J’ai grandi dans une cathédrale au nom d’Isère. Je chante en elle.

Elle a lu des livres puis elle les a oubliés. Elle a regardé des photographies puis elle les a rangées. Elle a marché souvent, longtemps, au noir des forêts, au vert des lacs, au blanc des montagnes. Puis elle a effacé ses pas.

Elle a appelé son enfance. Elle a appelé cette petite enfance qui accourt toujours quand on l’appelle, elle a regardé son enfance à elle dans les rues de ces villes, sous la voûte de ces forêts. Puis elle a laissé son enfance s’éloigner, éteindre en s’éloignant toutes les images allumées, une à une. Elle était dans le noir quand elle a commencé à écrire. On ne peut bien écrire que dans le noir. Plus de livres, plus de promenades, plus de mémoire. Plus rien que la clarté d’une première phrase, la petite enfance d’une première phrase, la forêt d’une première phrase.

Qu’est-ce que tu fais? Tu écris un livre sur ta région, tu parles de l’Isère? Non, je n’écris pas un livre sur ma région. Je fais un nid pour la beauté, pour le silence blanc et la neige bleue. Je bâtis une maison grande comme un livre pour les vagabonds, les sédentaires, les paysans, les citadins.

Je m’appelle Sylvie Fabre G. et j’écris pour le premier venu. J’ai grandi dans une cathédrale au nom d’Isère. Je chante en elle. Je lance contre ses murs quelques phrases d’amour fou. Mon amour, au départ, est fait de mille ruisseaux, mille étincelles au ras de l’herbe. Mon amour, à l’arrivée, est fait d’un seul flocon de neige.

On ne comprend pas ce que tu dis, parle plus clairement.

Eh bien, si vous voulez, dans le premier chapitre la terre d’Isère est là, ruisselante, mille fois saluée -une fois pour chaque cours d’eau. Une prière ou un sourire pour chacun -mais c’est une même chose que de prier ou de sourire, cela vient d’une même grâce. Et dans le dernier chapitre, c’est le ciel d’Isère qui arrive, il descend sur la Chartreuse, il est là comme chez lui.

Alors, c’est bien ce qu’on disait, c’est bien un livre sur une région, sur ta région, que tu écris?

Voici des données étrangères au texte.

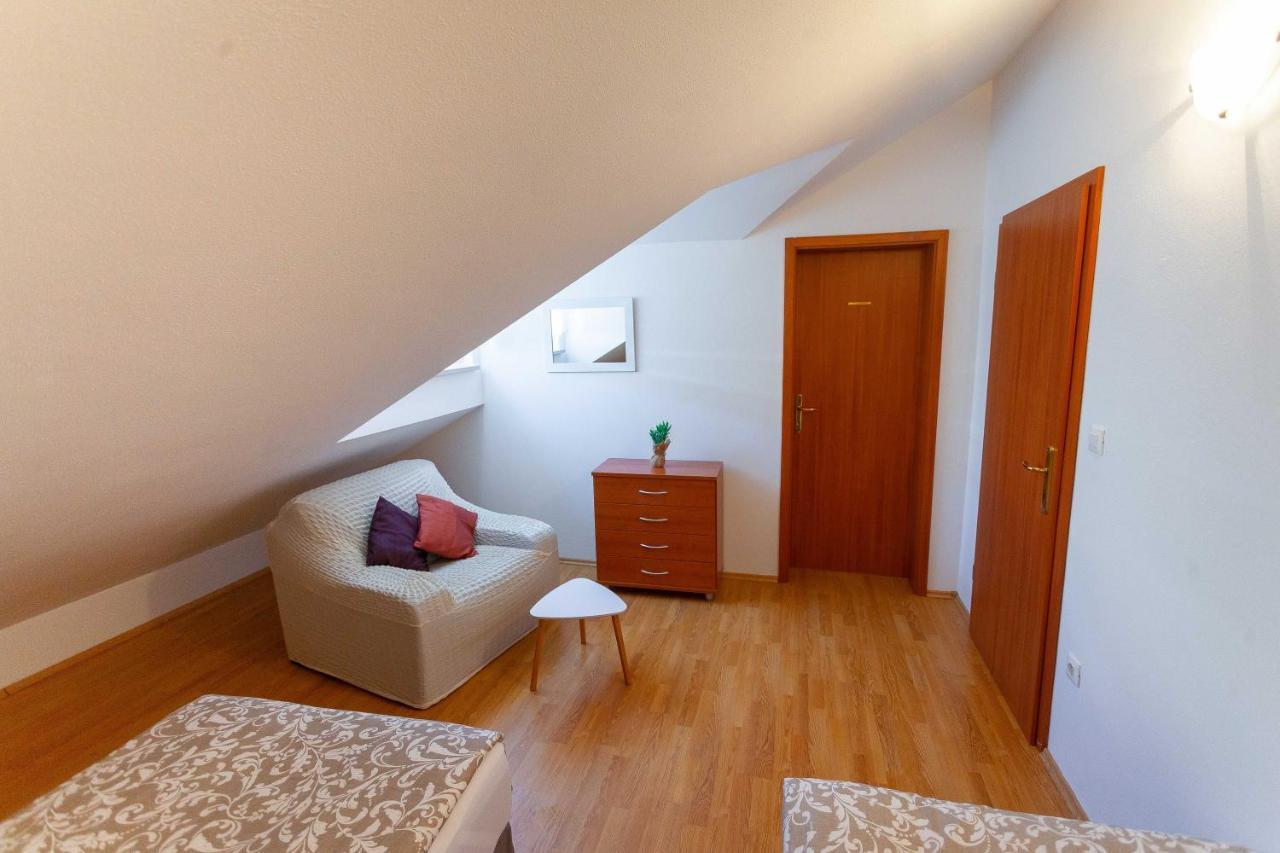 Apartment Jerry With Private Pool Milna  Exterior foto
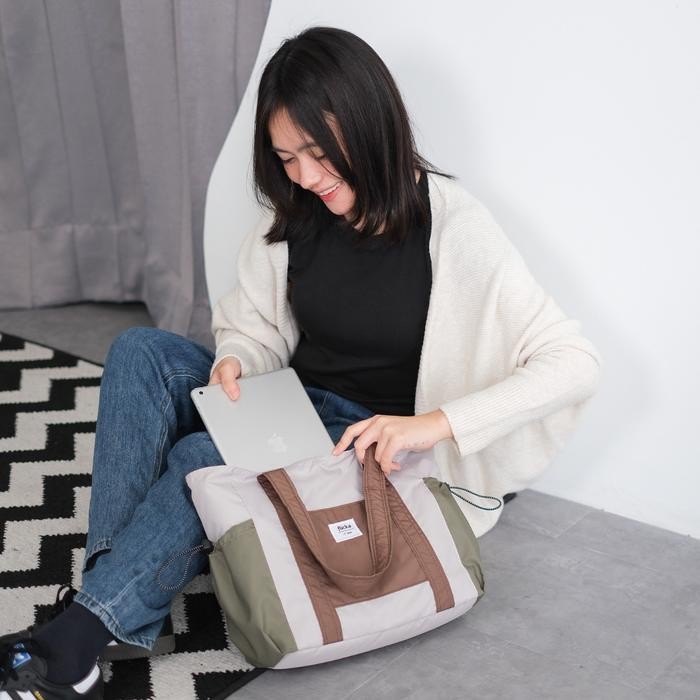 FLICKA Zoey Tote Bag กระเป๋าสะพายลําลองผู้หญิงล่าสุด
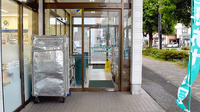 ドラッグセイムス武州長瀬駅前薬局の入口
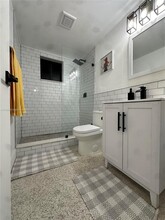 190 NW 69th St-Unit -6 in Miami, FL - Building Photo - Building Photo
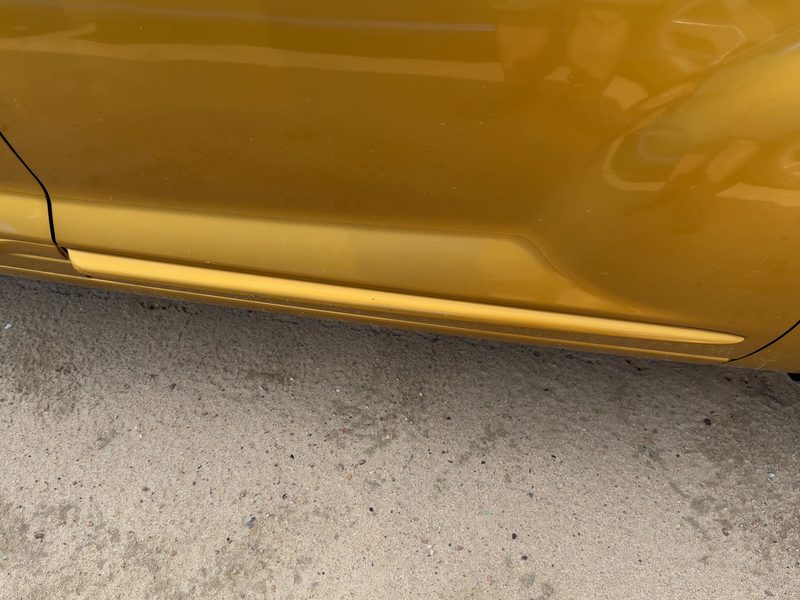 2002-2005 Pt Cruiser Front Door Moulding RH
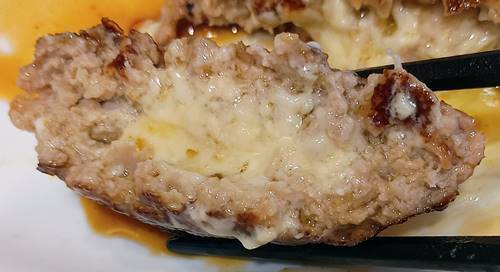 ガスト 水曜日 日替わりランチ ミニチーズINハンバーグ 断面.jpg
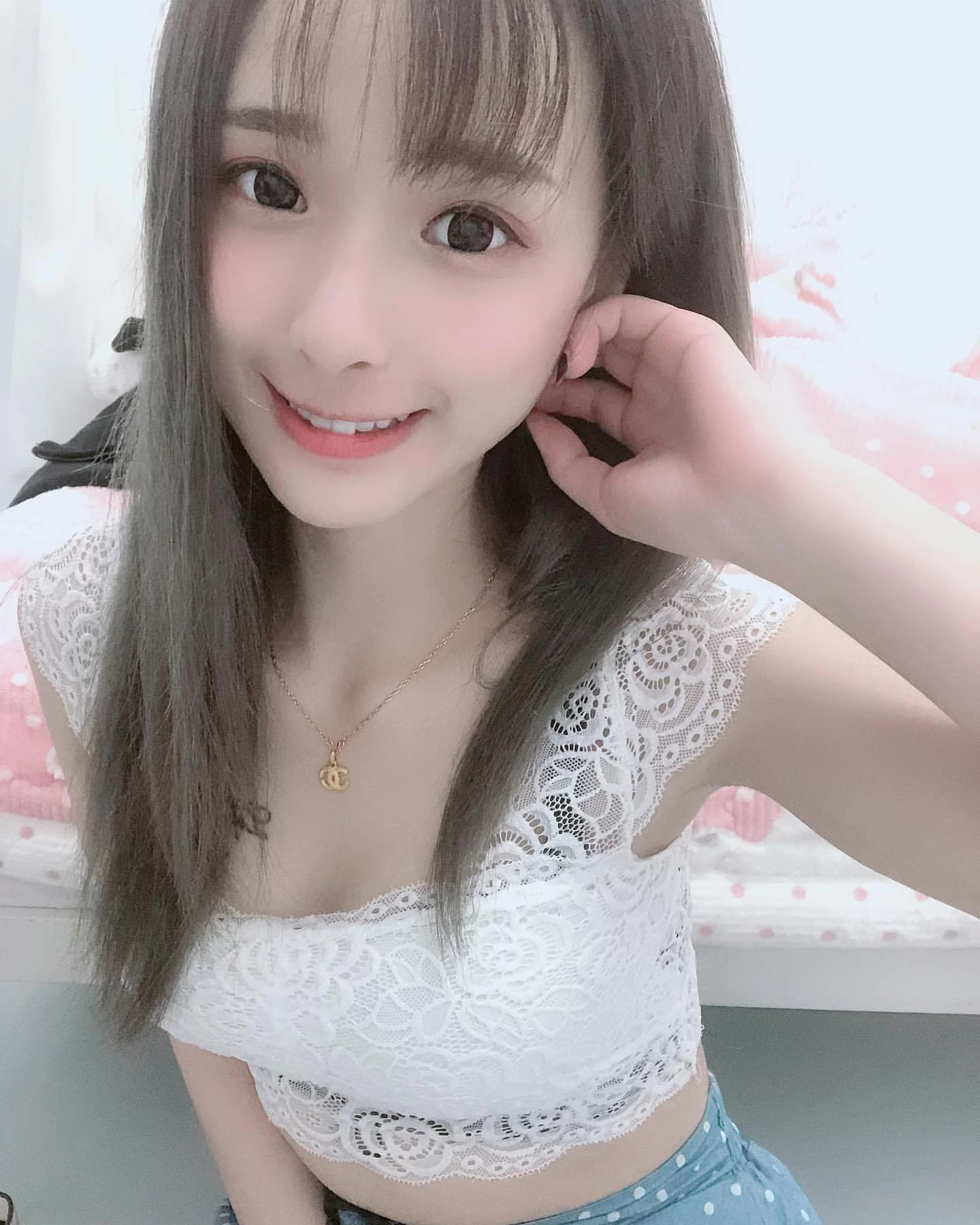 4382243.webp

Non. C’est encore plus simple. Voici: j’ai posé une page blanche sur une table. La page blanche donne une lumière suffisante dans le noir. La page blanche est comme une nappe, comme la mémoire toujours souffrante du pain, comme la neige sur les tas de bois qui servent aux moines de la Chartreuse pour réchauffer leurs corps. La page blanche est sur une table comme les feuilles des arbres sur la peau du lac de Saint-Sixte, en automne. J’ai regardé la page blanche et j’ai appelé une par une toutes les choses aimées d’amour, sur cette terre-là. Fontaines, chairs, pierres, âmes. Toutes sont venues, chacune avec les mots qu’il lui fallait.

Le Col de La Ruchère

Le pays que nous habitons est aussi pauvre qu’une chanson. Il est fait de la même matière: quelques accords du ciel avec la terre, la rengaine des saisons, la rime d’un toit avec un arbre. Pas plus. Rien de plus -et cela vous prend le cœur, cela vous déchire le cœur une fois pour toutes. J’ai écrit une chanson de quelques dizaines de pages. J’ai fait comme ce pays, Nord et Sud, fait de plusieurs pays: dans ma chanson, il y a des berceuses, des valses, des rondes enfantines.

Et si, à la lecture innocente, vous préférez l’aveuglement des savoirs, vous pourrez vérifier: tous les détails sont là, précis, exacts. Mais ce n’est pas important. Ce n’est pas sur ce genre de vérités que j’ai écrit, même si, quand il le fallait, je les ai mises, ces vérités. Le sujet du livre, ce n’est pas l’Isère, c’est l’amour. Il est vrai que les deux voisinent -cette terre et mon amour, ce ciel et mon étonnement. On n’a jamais écrit que sur l’amour. Vous connaissez un autre sujet?